## [Given data]
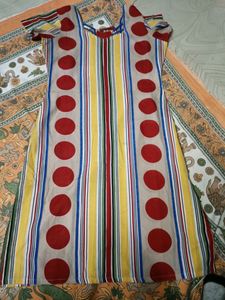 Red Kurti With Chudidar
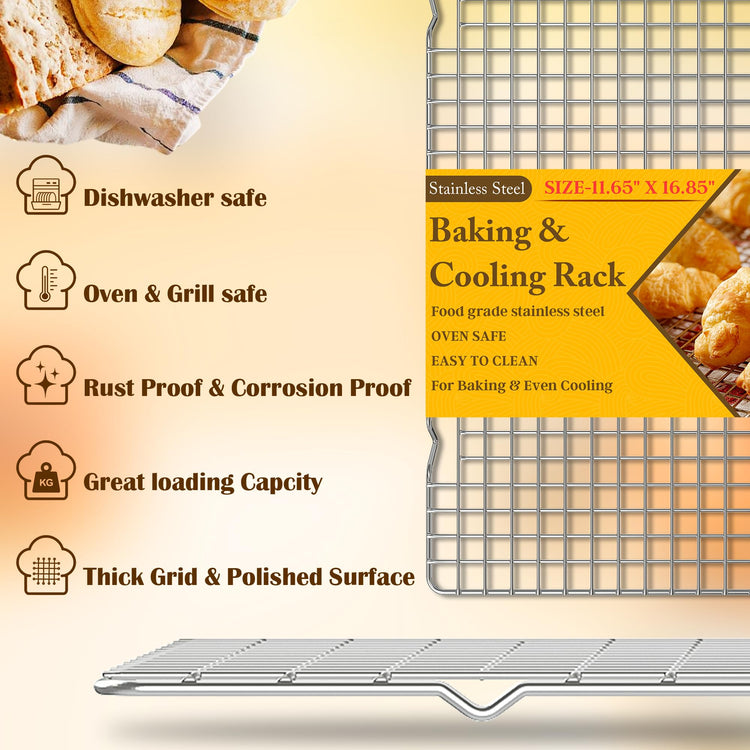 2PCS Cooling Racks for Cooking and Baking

* * *

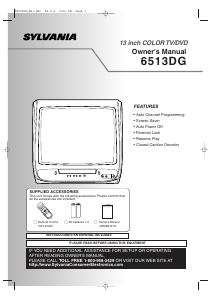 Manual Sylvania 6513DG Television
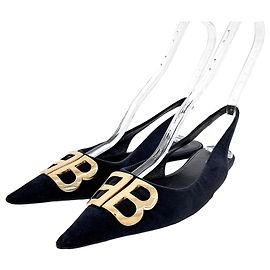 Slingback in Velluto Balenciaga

## [Your task]
Using the material above, reproduce only the lines that run from the line with "Red Kurti With Chudidar" up to and including the line with "2PCS Cooling Racks for Cooking and Baking", exactly, with the pictures dropped.

## [Written answer]
 Red Kurti With Chudidar
 2PCS Cooling Racks for Cooking and Baking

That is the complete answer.